How to find good freelance Hyvä developers
If you've decided freelance is right:
- Hyvä community Slack. Specialists hang out here. Some are open to freelance work between agency engagements.
- Toptal, Codementor, similar quality-vetted freelance platforms. Vet for Hyvä-specific experience using the framework in How to find a good Hyvä developer.
- LinkedIn search "Hyvä developer freelance". Lower quality signal but useful for shortlist.
- Ask Hyvä agencies directly. Some agencies have freelance Hyvä devs they can recommend or refer to for projects too small for the agency itself.
Vet using the same three questions:
- How many Hyvä builds end-to-end in the last 18 months?
- Show me a Hyvä module you've written from scratch
- What's your typical mobile Lighthouse on your Hyvä work?
If you don't get specific answers, keep looking.
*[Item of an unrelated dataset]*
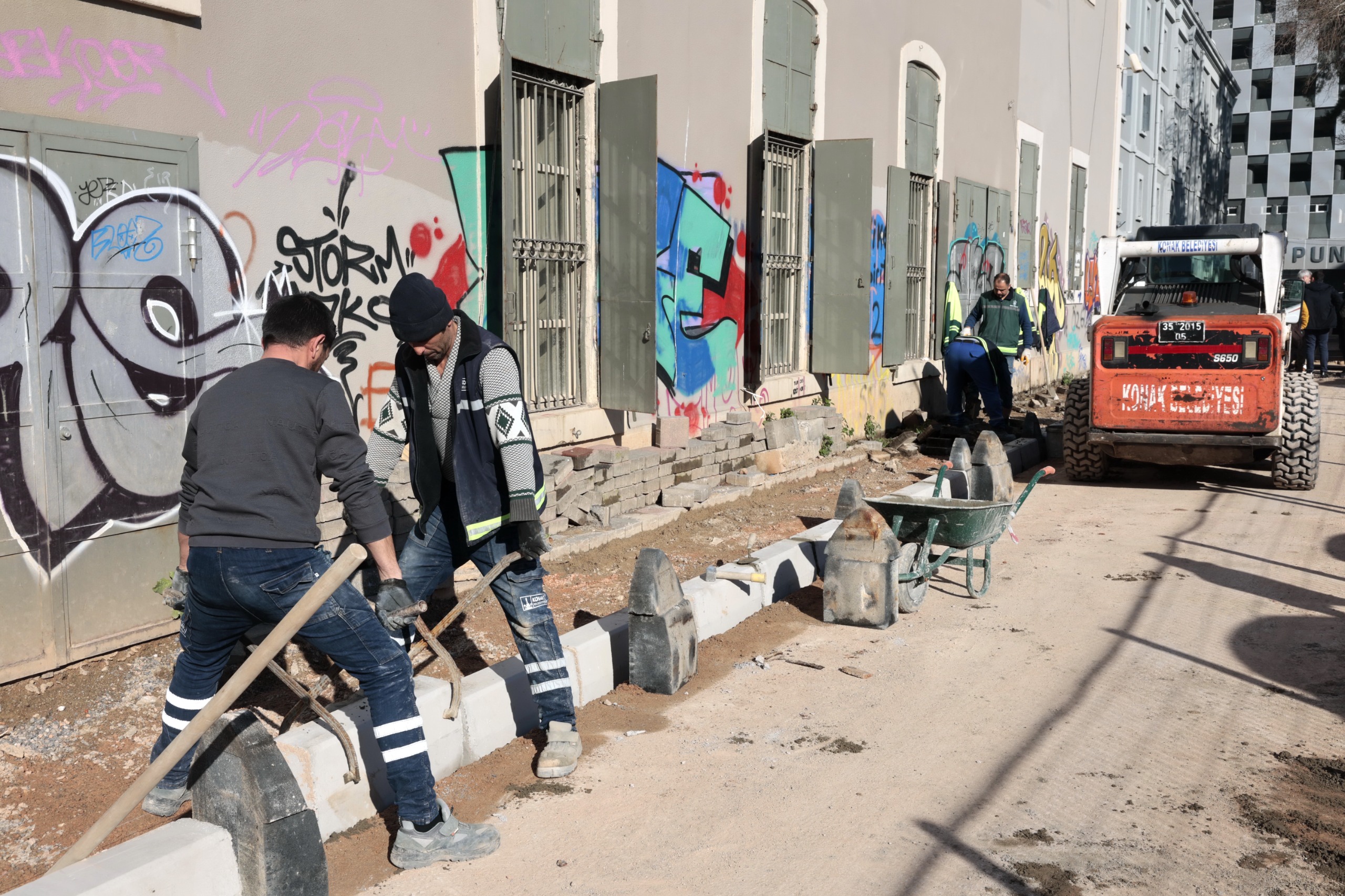 Konak Belediyesi’nden Alsancak’ta Üst Yapı Hamlesi (2)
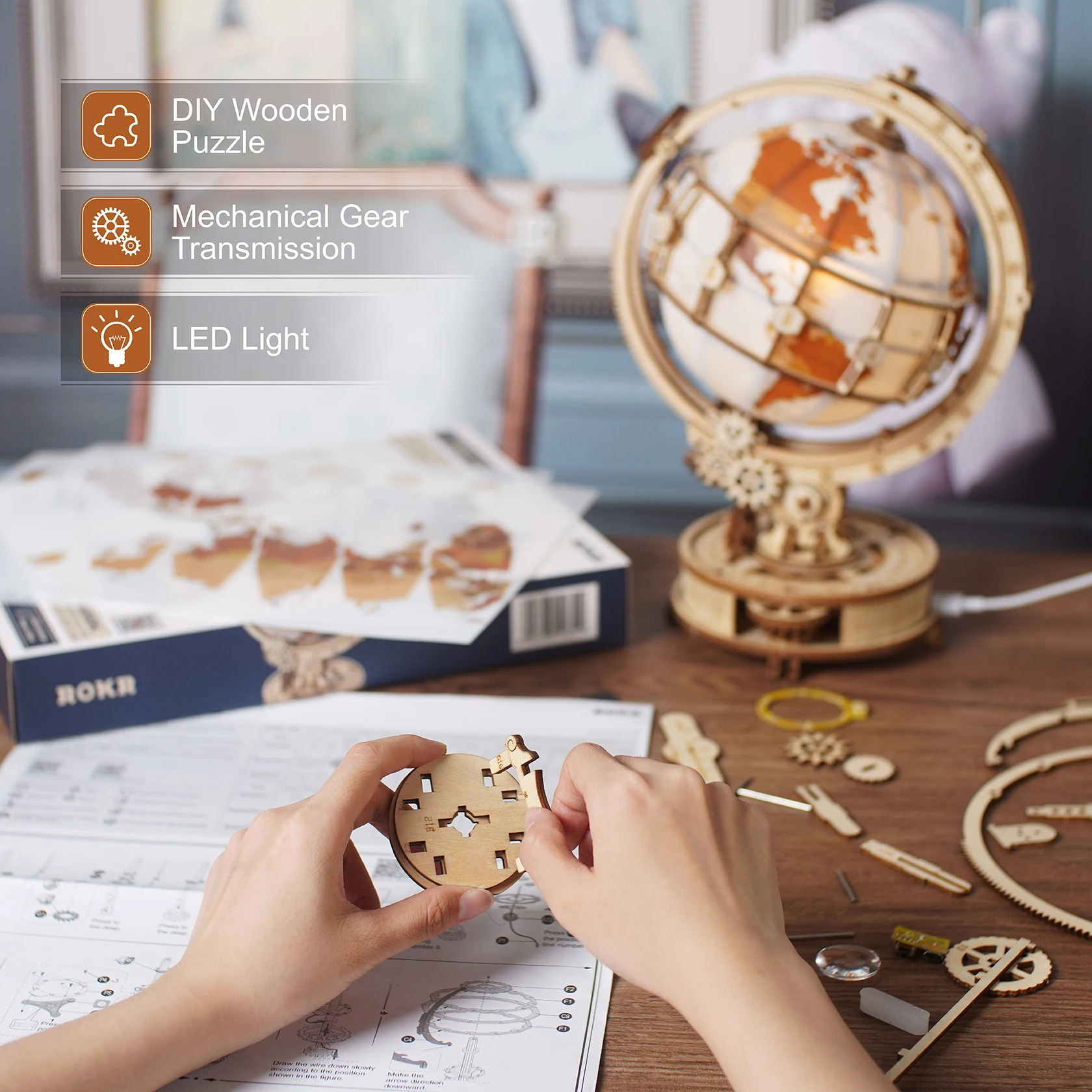 Lampada a globo in legno Gioch - Solar System Orrery recensione e prezzo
How to find good Hyvä agencies
If you've decided agency is right, see Top Hyvä agencies in the UK in 2026 for the shortlist + vetting framework.
Key criteria:
- Hyvä volume (30+ builds in 18 months minimum)
- Fixed-price model (not hourly)
- Public Hyvä community presence
- References available
- Timezone alignment
A real example
Two recent quotes for a similar £25k Hyvä migration:
Freelance quote:
- £400/day × 35 days = £14,000
- Plus 8 hours/week of client PM time × 8 weeks = ~£8k of opportunity cost
- Plus QA + post-launch fixes uncovered = ~£3k
- Plus scope-creep renegotiations = ~£2k
- Effective total: £27,000, delivered in 10 weeks with quality risk
Agency quote:
- £25,000 fixed-price
- Includes PM, QA, retainer support, formal handover
- Effective total: £25,000, delivered in 8 weeks with delivery risk on agency
The "freelance is cheaper" calculation rarely accounts for hidden costs. Once you add them, freelance and agency are often within 10–15% of each other on total cost — at which point the risk-transfer argument tilts the decision toward agency for most projects.
Bottom line
- Small, well-defined tasks → freelance (£500–£3k per task)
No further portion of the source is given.